▶ **SUPPLIED MATERIAL**

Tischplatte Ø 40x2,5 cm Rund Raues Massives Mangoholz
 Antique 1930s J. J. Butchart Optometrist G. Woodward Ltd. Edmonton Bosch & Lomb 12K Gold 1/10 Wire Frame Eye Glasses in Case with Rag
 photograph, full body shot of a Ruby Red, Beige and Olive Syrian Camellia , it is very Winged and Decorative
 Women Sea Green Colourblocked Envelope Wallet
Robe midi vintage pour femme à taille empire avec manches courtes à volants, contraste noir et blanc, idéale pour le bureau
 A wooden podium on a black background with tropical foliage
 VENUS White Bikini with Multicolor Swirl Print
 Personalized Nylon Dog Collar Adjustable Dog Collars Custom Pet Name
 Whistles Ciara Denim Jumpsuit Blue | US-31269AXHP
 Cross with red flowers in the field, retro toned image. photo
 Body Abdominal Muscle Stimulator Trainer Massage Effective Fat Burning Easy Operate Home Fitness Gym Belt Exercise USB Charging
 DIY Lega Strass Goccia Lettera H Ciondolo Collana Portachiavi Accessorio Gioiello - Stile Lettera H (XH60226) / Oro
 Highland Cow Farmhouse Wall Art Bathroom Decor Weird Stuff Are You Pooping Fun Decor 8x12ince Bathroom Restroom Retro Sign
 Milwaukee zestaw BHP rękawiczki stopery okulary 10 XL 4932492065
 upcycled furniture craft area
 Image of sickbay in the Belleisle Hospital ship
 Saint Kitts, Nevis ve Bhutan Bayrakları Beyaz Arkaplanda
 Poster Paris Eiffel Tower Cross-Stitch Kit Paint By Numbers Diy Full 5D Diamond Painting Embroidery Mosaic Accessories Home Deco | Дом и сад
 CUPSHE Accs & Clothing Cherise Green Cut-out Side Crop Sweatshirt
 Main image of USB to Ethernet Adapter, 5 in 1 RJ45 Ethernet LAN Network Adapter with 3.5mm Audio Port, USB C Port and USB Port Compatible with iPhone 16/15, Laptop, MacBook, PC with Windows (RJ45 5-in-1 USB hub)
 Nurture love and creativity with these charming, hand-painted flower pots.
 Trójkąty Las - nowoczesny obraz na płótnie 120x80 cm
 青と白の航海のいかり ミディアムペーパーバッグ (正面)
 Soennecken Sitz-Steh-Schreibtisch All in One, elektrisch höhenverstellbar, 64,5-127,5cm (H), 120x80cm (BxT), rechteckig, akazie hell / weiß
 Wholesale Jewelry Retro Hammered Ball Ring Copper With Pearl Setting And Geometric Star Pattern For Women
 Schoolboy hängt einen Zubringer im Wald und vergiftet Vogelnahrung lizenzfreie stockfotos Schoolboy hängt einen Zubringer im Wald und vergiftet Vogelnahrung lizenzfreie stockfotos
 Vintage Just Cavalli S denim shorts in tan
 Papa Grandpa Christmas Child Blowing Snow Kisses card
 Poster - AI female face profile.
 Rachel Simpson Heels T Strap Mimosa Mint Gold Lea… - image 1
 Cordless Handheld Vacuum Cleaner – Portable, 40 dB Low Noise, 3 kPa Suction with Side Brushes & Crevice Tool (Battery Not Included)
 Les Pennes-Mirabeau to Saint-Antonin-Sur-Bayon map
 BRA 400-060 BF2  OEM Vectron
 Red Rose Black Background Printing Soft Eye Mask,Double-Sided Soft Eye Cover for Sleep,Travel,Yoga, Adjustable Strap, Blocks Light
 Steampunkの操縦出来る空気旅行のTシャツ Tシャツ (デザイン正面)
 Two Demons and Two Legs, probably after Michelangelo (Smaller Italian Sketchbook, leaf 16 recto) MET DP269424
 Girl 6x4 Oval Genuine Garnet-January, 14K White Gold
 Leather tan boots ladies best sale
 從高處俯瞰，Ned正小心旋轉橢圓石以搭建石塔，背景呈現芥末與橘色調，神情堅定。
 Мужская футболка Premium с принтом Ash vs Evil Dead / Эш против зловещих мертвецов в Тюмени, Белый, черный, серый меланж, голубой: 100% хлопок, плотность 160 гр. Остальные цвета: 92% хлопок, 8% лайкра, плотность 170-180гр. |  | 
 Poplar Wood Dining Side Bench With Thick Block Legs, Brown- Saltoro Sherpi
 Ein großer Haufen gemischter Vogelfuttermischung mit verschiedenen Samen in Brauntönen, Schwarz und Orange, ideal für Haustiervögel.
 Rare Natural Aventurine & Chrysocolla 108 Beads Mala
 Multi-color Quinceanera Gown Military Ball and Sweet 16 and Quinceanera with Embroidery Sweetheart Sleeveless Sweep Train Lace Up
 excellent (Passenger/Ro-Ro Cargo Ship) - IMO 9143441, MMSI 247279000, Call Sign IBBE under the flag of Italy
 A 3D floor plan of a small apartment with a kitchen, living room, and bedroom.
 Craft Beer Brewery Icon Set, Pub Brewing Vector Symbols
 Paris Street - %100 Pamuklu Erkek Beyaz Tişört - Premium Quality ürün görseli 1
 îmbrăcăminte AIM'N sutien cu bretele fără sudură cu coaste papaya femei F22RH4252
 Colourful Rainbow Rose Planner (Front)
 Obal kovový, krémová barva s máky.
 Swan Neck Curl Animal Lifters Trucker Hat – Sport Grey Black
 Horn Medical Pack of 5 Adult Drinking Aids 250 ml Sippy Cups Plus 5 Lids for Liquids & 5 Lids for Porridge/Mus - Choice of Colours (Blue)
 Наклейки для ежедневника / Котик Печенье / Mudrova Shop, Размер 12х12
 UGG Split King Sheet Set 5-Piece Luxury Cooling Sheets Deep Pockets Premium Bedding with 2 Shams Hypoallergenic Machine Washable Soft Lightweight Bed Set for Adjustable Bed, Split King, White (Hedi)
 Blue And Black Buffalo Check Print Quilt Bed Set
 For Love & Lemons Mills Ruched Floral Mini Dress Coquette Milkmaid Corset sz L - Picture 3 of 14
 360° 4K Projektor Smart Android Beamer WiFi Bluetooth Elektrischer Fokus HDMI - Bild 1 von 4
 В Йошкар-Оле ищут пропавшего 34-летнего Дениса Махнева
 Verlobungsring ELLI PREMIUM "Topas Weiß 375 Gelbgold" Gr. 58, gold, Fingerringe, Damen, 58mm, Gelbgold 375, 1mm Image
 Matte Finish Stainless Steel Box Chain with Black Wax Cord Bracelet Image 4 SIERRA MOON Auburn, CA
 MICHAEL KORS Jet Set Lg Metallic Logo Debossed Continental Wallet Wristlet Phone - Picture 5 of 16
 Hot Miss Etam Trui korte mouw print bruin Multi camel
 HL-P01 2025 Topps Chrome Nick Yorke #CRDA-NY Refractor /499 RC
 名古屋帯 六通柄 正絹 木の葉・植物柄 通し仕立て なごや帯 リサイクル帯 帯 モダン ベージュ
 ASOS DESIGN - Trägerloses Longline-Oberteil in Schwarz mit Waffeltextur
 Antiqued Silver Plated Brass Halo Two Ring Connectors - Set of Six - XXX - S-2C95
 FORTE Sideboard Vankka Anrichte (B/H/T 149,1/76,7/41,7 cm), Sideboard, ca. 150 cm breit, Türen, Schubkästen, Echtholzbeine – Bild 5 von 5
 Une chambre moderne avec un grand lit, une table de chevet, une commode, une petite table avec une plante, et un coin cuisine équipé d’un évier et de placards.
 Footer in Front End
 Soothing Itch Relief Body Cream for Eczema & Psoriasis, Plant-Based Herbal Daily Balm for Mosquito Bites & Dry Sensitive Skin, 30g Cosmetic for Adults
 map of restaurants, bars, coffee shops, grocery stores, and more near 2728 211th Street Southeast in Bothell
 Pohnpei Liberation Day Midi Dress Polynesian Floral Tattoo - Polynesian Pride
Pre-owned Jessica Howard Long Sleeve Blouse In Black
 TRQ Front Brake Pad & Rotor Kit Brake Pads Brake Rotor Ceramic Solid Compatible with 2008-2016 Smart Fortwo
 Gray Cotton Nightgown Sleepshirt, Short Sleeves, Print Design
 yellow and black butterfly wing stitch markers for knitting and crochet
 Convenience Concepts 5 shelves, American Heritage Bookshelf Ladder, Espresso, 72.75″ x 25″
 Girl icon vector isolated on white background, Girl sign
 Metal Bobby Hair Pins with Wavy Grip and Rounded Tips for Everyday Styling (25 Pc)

▶ **TASK BRIEF**
In the entries above, find the line with "Steampunkの操縦出来る空気旅行のTシャツ Tシャツ (デザイン正面)" and the line with "Craft Beer Brewery", then set down exactly those two and every line between them, nothing else.

▶ **RESULT OF THIS EXERCISE**
 Steampunkの操縦出来る空気旅行のTシャツ Tシャツ (デザイン正面)
 Two Demons and Two Legs, probably after Michelangelo (Smaller Italian Sketchbook, leaf 16 recto) MET DP269424
 Girl 6x4 Oval Genuine Garnet-January, 14K White Gold
 Leather tan boots ladies best sale
 從高處俯瞰，Ned正小心旋轉橢圓石以搭建石塔，背景呈現芥末與橘色調，神情堅定。
 Мужская футболка Premium с принтом Ash vs Evil Dead / Эш против зловещих мертвецов в Тюмени, Белый, черный, серый меланж, голубой: 100% хлопок, плотность 160 гр. Остальные цвета: 92% хлопок, 8% лайкра, плотность 170-180гр. |  | 
 Poplar Wood Dining Side Bench With Thick Block Legs, Brown- Saltoro Sherpi
 Ein großer Haufen gemischter Vogelfuttermischung mit verschiedenen Samen in Brauntönen, Schwarz und Orange, ideal für Haustiervögel.
 Rare Natural Aventurine & Chrysocolla 108 Beads Mala
 Multi-color Quinceanera Gown Military Ball and Sweet 16 and Quinceanera with Embroidery Sweetheart Sleeveless Sweep Train Lace Up
 excellent (Passenger/Ro-Ro Cargo Ship) - IMO 9143441, MMSI 247279000, Call Sign IBBE under the flag of Italy
 A 3D floor plan of a small apartment with a kitchen, living room, and bedroom.
 Craft Beer Brewery Icon Set, Pub Brewing Vector Symbols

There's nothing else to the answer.